Bırakalım sermaye hareketinin iç yasalarının bizzat kendi
uluslararasılaşması önünde engel olmasını (örneğin kriz)
devletler de aldıkları tedbirlerle küreselleşmeyi
geriletebiliyorlar.
“World
Investment Report” 2013'de (s. 92) “Ulusal yatırım
politikalarında değişiklikler” konusunda şu bilgi veriliyor:
2000-2012
arasında değişiklik uygulayan ülke sayısı 2000'de 45'ten
2004'te 80'e çıkıyor, 2012'de ise 53'e düşüyor.
Düzenleme
değişikliği sayısı 2000'de 81'den 2004'te 166'ya çıkıyor,
2012'de ise 86'ya düşüyor.
Serbestleştirme
sayısı 2000'de 75'ten 2004'te 144'e çıkıyor, ama 2012'de 61'e
düşüyor.
Sınırlandırma
sayısı ise 2000'de 5'ten 2010'da 36'ya çıkıyor, 2012'de ise
20'ye düşüyor.
Serbestleştirme
ve sınırlandırma verilerini grafikleştirelim:
Ulusal
yatırım politikalarında serbestleştirme oranı 2001'de yüzde
97,7'den 2012'de yüzde 75,3'e düşerken, sınırlandırma oranı
aynı dönemde yüzde 2,3'ten yüzde 24,7'ye çıkıyor.
Bu
değişiklikleri uygulayan, kıran kırana rekabet içinde olan
kapitalist dünya, bütünleşmiş bir ekonomiyi ifade ediyor demenin
bir anlamı var mı?
Sonuç
itibariyle:
Kapitalizmde
eşitsiz gelişme yasasını lafta kullanıp da bu yasayı filen
ortadan kaldıranlar bütünleşmiş bir dünya ekonomisinden
bahsedenlerdir.
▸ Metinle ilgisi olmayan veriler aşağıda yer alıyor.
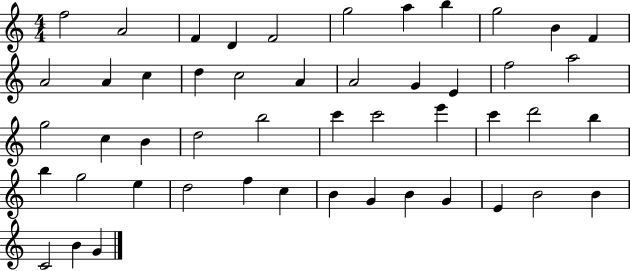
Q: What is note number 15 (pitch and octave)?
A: D5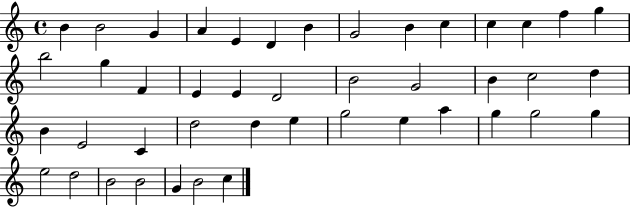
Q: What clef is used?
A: treble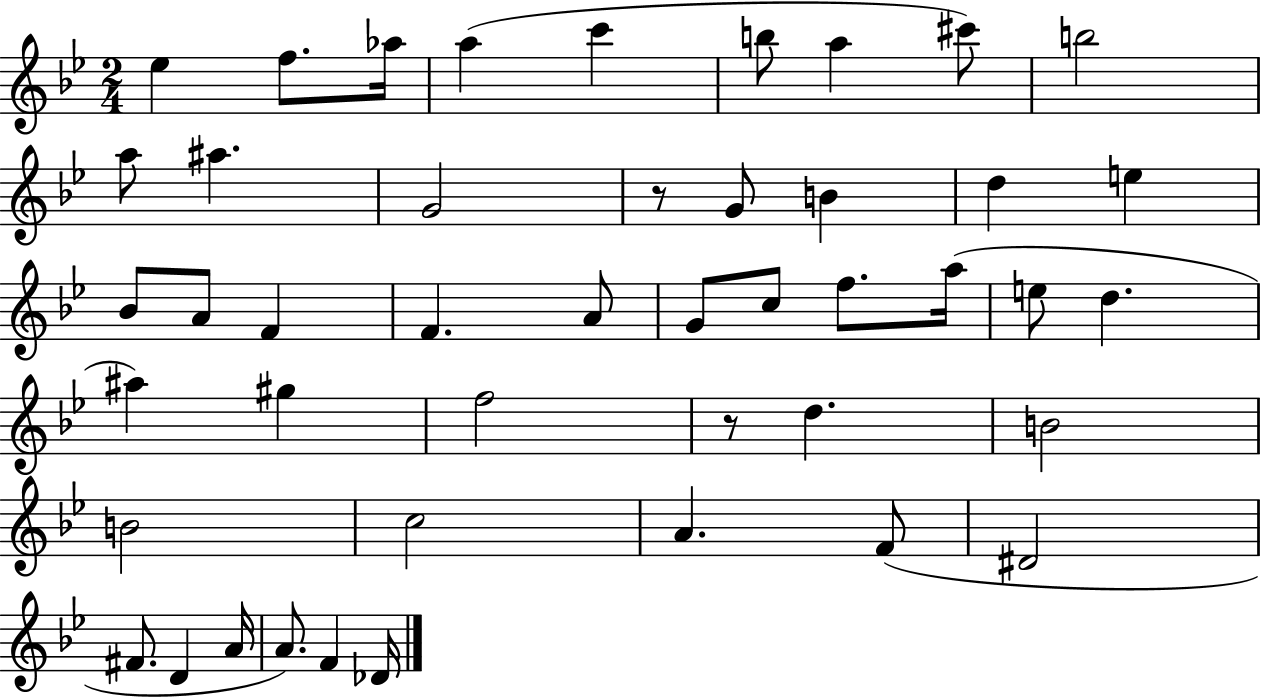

Dünya ekonomisi gerçekten de iddia edildiği gibi
bütünleşmişse o bütünleşmeyi belirleyen mekanizmalar, yasalar
olmalıdır. Bunlar yok. Kapitalizmin bir dünya sistemi olduğu
gerçeği bütünleşmiş dünya ekonomisiyle; yani emperyalist
küreselleşmenin bütünlüklü bir sistemi ifade ettiğiyle
birbirine karıştırılırsa bunu savunanlar, savunduklarının
sonuçlarına da katlanmak zorunda kalırlar. Yukarıdaki veriler
böyle bir dünyanın olmadığını ve olamayacağını yeteri kadar
göstermektedir. En basit gösterge şudur: Bütünlüklü bir dünya
ekonomisi; bütünselleşmiş dünya -yani emperyalist küreselleşme
aşaması- ya bütünlüklü olarak krizdedir ya da değildir. Dünya
ekonomisi de eşitsiz gelişme yasası doğrultusunda hareket
etmektedir ve bu yasanın etkisinin sonucu olarak bazı ülkelerin
krizde olduklarını ama bazılarının da krizde olmadıklarını
görüyoruz. Öyle iddia edildiği gibi bütünleşme olsaydı bütün
ülkeler ya krizde olurlardı ya da olmazlardı.
Yukarıdaki
veriler dünya ekonomisindeki gelişmenin bu sürecinde artık dünya
krizinden -dünya fazla üretim krizinden- bahsedilemeyeceğini,
artık bölgesel krizden, şu veya bu bölgedeki şu veya bu ülkedeki
ekonomik krizden bahsedilebileceğini oldukça açık bir biçimde
göstermektedir. Dünya fazla üretim krizi veya dünya ekonomik
krizi kavramı ancak ve ancak 2008-2010 veya da 2008-2010/2011 dönemi
için geçerlidir.
Burjuva
küreselleşme kıstasları dahi dünyanın gerçek anlamda
küreselleşmediğini, rekabet yasası geçerli olduğu müddetçe
bunun olamayacağını göstermektedir.
*
*)
Bu yazı Mart 2014'te hazırlanmıştır.
(Bazı
grafiklere 2013 yılı ve 4. çeyreği verileri sonradan eklendiği
için yazı içindeki bazı rakam verileri değişmiş olabilir).